Cusano Milanino (Milano), 5 Settembre 2024 - Una "reazione a cortocircuito" dietro l'omicidio commesso da Lorenzo D’Errico, il 38enne che nel 2021 uccise il padre, il 65enne Carmine D’Errico, colpendolo 40 volte per una lite nata nella loro abitazione a Cusano Milanino da una discussione sulle molestie a sfondo sessuale che l’imputato sostiene di avere subìto da bambino, proprio da parte dei genitori. Poi il 38enne aveva bruciato il corpo del padre in un capannone abbandonato a Cerro Maggiore.
E' quanto emerge dalle motivazioni della sentenza con cui lo scorso giugno la Corte d‘Assise di Monza ha condannato Lorenzo D’Errico a 24 anni di carcere per omicidio volontario e occultamento di cadavere. La Corte monzese, presieduta dal giudice Carlo Ottone De Marchi, ha concesso all'imputato l'attenuante del dolo d'impeto sostenendo che il 38enne ha agito "per l'impulso causato dall'ennesima discussione" con il padre a causa di un gesto del genitore "evocativo di ricordi d'infanzia dolorosi e mai completamente metabolizzati nel vissuto successivo, che ha travolto i freni psichici dell'imputato" che si è anche trovato nella "materiale disponibilità di un piccone occasionalmente lasciato nella stanza".

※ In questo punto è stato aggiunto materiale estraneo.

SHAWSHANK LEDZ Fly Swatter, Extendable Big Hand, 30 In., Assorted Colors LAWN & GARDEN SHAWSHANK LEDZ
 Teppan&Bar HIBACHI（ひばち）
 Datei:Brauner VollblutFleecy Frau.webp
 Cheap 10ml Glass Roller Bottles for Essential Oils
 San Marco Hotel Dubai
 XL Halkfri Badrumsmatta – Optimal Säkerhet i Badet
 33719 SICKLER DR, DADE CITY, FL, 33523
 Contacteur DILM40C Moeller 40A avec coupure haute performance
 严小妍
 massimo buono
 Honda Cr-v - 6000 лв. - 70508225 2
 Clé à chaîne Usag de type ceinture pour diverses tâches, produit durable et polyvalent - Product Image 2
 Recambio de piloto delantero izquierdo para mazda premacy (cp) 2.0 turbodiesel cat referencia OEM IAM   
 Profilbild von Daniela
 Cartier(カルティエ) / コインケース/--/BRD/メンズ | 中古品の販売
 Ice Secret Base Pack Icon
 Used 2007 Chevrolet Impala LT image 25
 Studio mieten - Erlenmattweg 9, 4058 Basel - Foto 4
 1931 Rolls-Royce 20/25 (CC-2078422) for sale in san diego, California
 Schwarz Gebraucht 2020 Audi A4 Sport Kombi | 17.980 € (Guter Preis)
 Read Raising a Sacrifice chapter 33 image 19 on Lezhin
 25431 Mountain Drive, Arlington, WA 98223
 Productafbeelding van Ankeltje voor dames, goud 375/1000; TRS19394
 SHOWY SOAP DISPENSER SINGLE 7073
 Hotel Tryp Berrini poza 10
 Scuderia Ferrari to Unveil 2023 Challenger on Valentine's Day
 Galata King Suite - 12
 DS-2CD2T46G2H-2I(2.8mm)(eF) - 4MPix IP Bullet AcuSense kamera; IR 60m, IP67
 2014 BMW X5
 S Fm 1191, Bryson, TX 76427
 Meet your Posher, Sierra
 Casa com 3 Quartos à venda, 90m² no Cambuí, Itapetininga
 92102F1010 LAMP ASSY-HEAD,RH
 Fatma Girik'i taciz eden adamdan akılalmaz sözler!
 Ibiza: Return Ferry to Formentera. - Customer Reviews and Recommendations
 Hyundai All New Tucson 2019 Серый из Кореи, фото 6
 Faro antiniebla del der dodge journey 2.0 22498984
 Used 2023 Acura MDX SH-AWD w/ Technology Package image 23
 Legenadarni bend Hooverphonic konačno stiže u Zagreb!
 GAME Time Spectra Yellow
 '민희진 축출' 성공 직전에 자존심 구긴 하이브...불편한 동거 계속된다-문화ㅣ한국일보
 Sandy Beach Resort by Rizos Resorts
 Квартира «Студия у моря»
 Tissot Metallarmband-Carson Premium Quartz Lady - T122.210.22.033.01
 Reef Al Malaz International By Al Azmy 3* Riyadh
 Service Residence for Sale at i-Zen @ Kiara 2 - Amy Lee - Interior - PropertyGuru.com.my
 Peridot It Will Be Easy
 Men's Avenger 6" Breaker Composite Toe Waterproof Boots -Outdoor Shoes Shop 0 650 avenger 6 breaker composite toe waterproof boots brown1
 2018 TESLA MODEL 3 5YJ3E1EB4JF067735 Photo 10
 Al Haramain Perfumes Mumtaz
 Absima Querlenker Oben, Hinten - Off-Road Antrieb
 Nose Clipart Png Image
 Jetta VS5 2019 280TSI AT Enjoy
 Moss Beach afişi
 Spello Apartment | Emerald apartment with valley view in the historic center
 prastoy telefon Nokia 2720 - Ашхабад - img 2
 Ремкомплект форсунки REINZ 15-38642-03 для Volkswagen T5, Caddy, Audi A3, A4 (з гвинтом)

Uno stato d'animo che, però, "non costituisce una patologia mentale, neppure transitoria, tale da integrare gli estremi dell'infermità". I giudici non hanno ritenuto di applicare l’aggravante della crudeltà, mentre hanno concesso le attenuanti generiche sia per la condotta processuale che per l’avvenuto risarcimento del danno ai due fratelli prima dell’inizio del dibattimento. Lorenzo D’Errico aveva aderito al percorso di giustizia riparativa, ma i parenti si erano rifiutati di incontrarlo. Uno di loro aveva accettato di ricevere una lettera di scuse.